The National Newspaper Association seconded the concern expressed by the USPS Office of the Inspector General that the Postal Service has not completed service impact evaluations on the planned closings of 82 more mail processing plants starting in January 2015.
The evaluations should include public notice and comment. The Office of the Inspector General strongly recommended that USPS complete these evaluations and requested confirmation that they are being completed.
The National Newspaper Association has previously reminded the Postal Service that the impact of moving mail processing operations into urban areas creates mail delivery problems for its subscribers, who may judge the effectiveness of the mail by the on-time arrival of their newspapers.

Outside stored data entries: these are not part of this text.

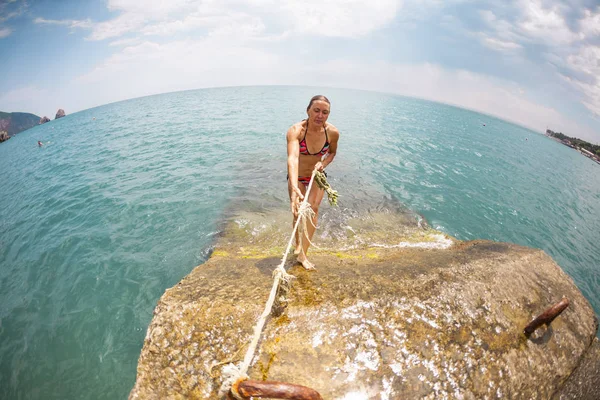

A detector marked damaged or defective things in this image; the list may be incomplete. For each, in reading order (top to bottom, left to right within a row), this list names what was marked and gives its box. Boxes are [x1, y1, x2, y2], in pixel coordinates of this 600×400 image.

rusty metal loop [524, 298, 568, 336]
rusty metal loop [230, 378, 324, 400]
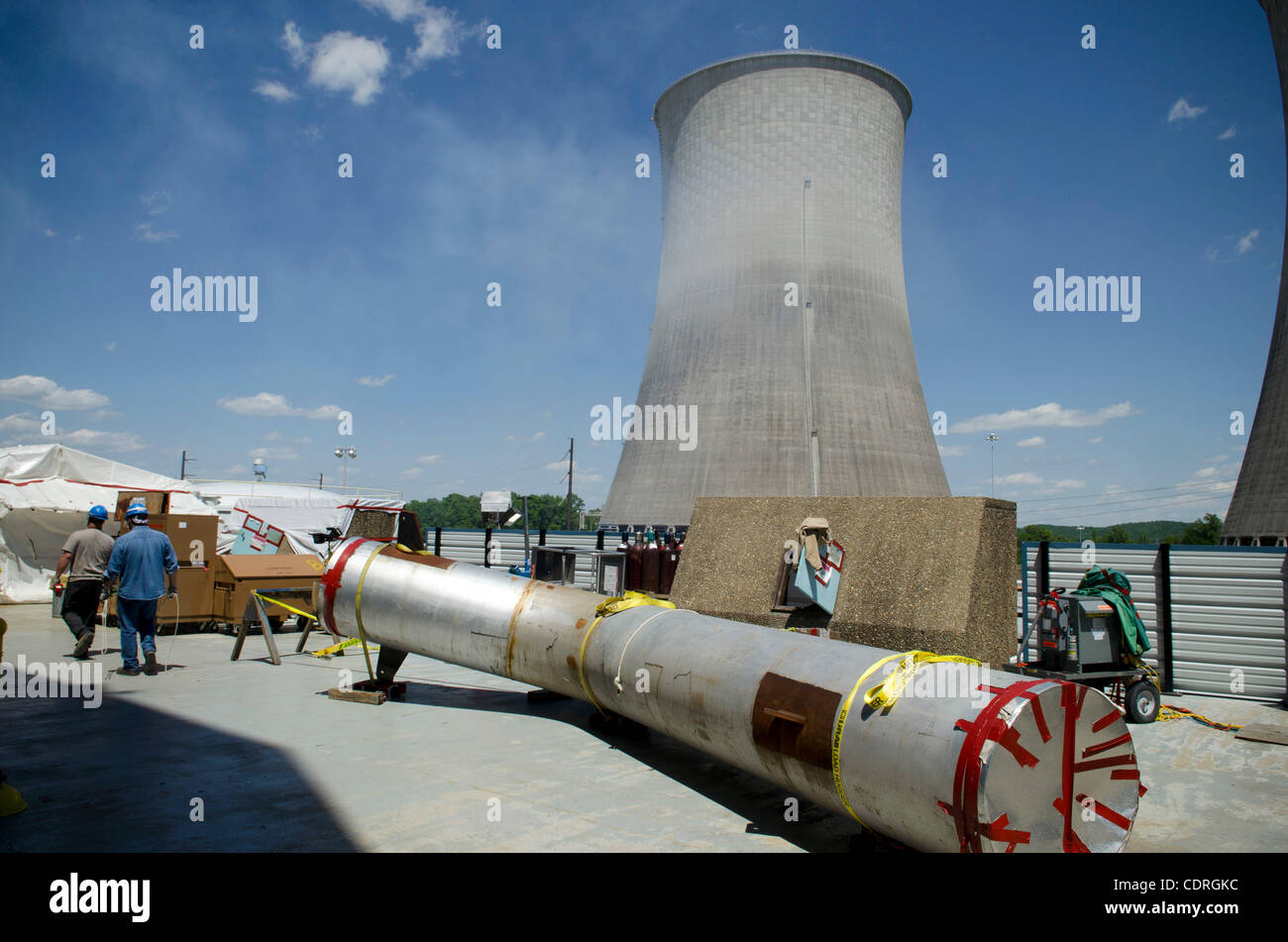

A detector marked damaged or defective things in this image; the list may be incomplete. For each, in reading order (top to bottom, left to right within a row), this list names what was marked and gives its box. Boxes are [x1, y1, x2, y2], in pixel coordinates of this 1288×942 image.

brown rust patch [504, 581, 541, 679]
rusty metal pipe [319, 538, 1138, 854]
brown rust patch [752, 674, 839, 767]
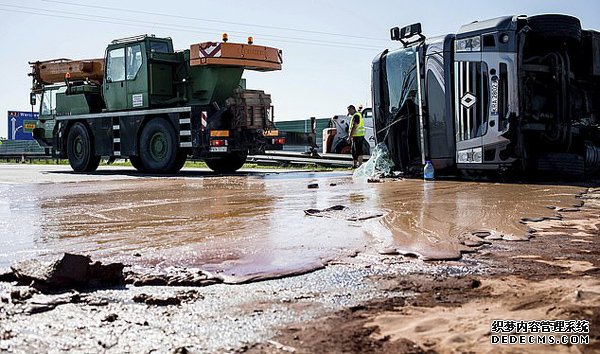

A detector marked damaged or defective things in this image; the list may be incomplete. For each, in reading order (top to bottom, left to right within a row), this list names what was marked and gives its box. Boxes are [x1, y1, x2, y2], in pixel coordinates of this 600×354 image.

overturned tanker truck [31, 34, 292, 173]
overturned tanker truck [372, 14, 600, 178]
windshield of overturned truck [376, 13, 600, 180]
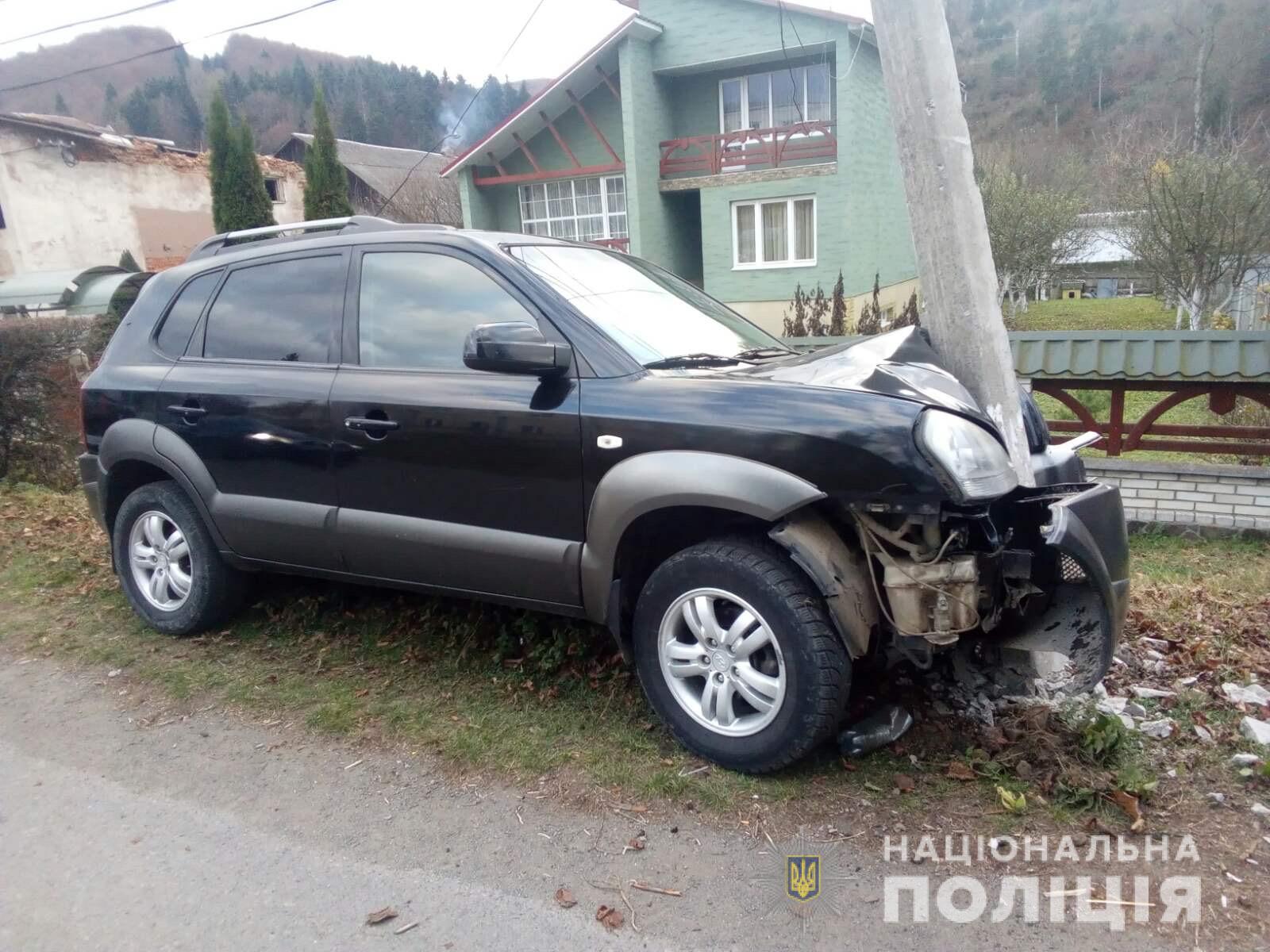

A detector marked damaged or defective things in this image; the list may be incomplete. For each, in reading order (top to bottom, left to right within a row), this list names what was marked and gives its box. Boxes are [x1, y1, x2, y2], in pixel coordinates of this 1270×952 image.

dented hood [731, 327, 985, 419]
damaged front bumper [985, 485, 1127, 695]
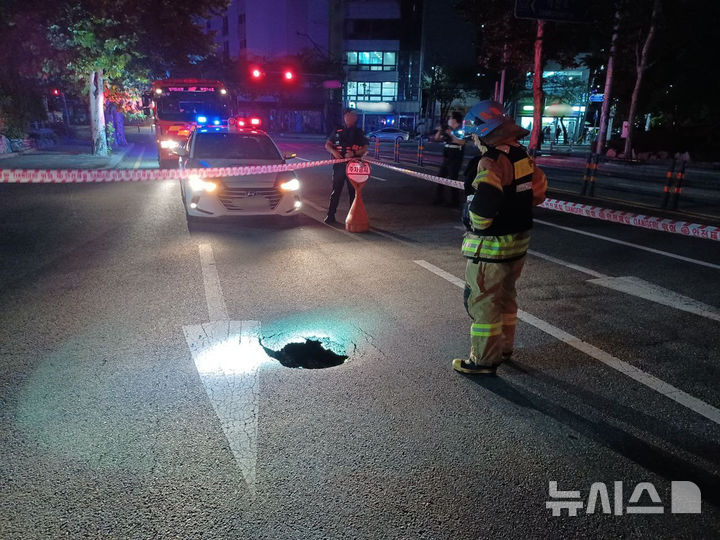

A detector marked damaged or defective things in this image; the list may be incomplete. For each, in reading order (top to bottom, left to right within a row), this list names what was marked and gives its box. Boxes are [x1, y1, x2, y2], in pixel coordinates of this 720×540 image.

cracked asphalt [0, 132, 716, 540]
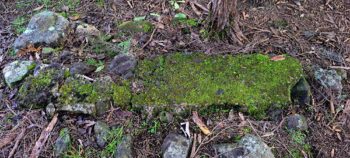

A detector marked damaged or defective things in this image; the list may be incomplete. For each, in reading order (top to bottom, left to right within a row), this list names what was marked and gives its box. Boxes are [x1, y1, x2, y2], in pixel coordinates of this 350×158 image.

broken concrete edge [15, 52, 308, 119]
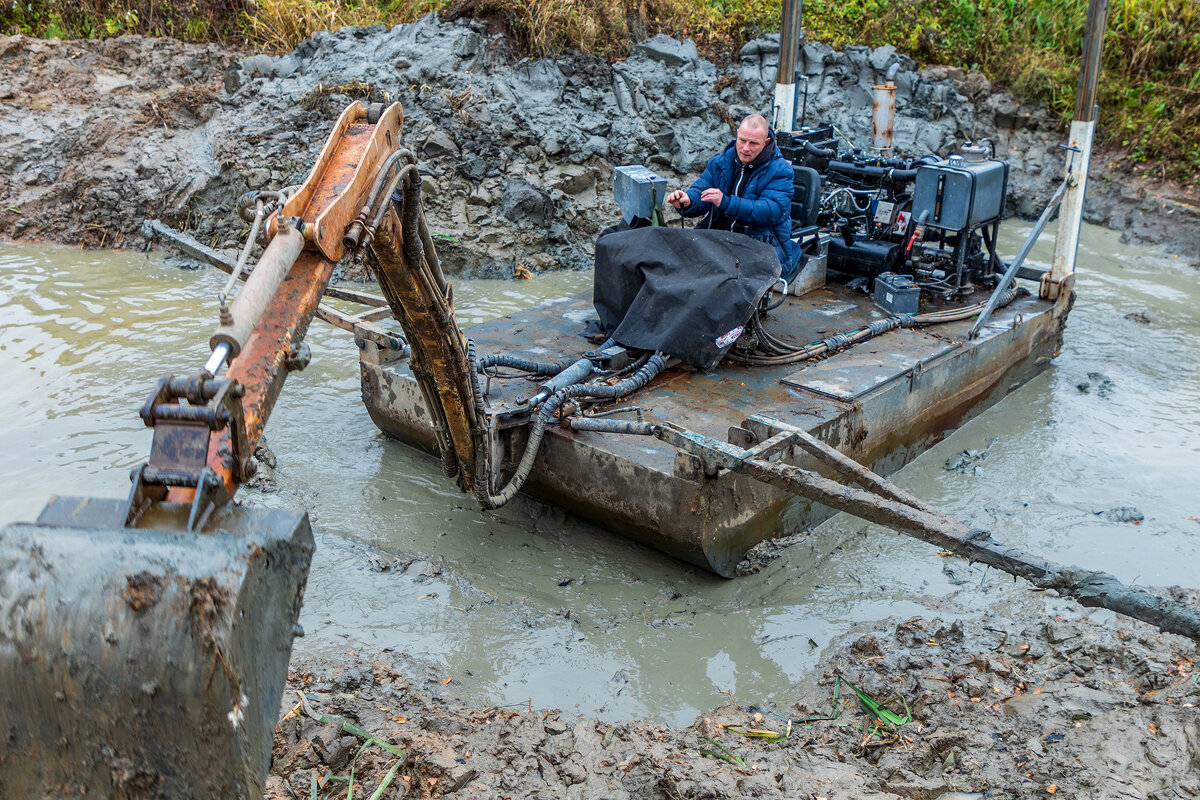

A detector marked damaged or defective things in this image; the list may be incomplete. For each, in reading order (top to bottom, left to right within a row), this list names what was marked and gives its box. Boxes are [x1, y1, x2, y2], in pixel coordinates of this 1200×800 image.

rusted metal surface [360, 281, 1065, 575]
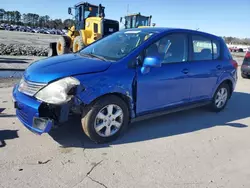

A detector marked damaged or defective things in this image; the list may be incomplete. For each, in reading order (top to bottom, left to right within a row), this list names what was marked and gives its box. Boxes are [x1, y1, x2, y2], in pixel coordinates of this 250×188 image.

damaged front bumper [12, 84, 80, 135]
cracked headlight [35, 77, 79, 105]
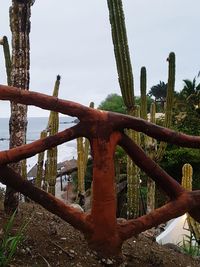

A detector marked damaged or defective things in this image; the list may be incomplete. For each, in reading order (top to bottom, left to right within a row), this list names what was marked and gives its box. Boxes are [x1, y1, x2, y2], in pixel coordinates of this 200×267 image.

rusty metal structure [0, 84, 199, 258]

As I look at the list of plants on the closing list and see cities like Salina, Kansas; Grand Island, Nebraska; Eureka, California, and Elko, Nevada, I worry that small-town America is gradually losing reliable mail service.
Affordable, dependable service links us to our subscribers. More importantly, it is the bedrock of local small-town economies. It is essential that USPS understand and grapple with these impacts before it makes a decision to close any mail sorting plant.
A particular problem is that USPS has no universal system for measuring newspaper on-time delivery. Even with strong impact studies, it may not always capture the full effect of slower newspaper delivery.
USPS rests its service studies upon electronic scanning equipment on its automated mail sorters. But many newspapers are not sorted on these machines. So, our mail drops out of the visibility measurements that USPS depends upon to report its success in reaching delivery times.
Certainly we are concerned whether a plant closing creates a slower standard. We are equally concerned that if newspapers are not delivered on time with today’s delivery standards, USPS has no systematic way of detecting it.
We are working diligently with USPS to develop a better measurement system. But adoption of a better system for us is months, if not years away.
What is important now is for USPS and publishers to recognize that newspaper subscribers want their issues on time, and any changes in service standards or actual service that puts their trust in jeopardy is bad for newspapers and for the Postal Service.
— John Edgecombe Jr. is National Newspaper Association president and publisher of The Nebraska Signal in Geneva, Neb.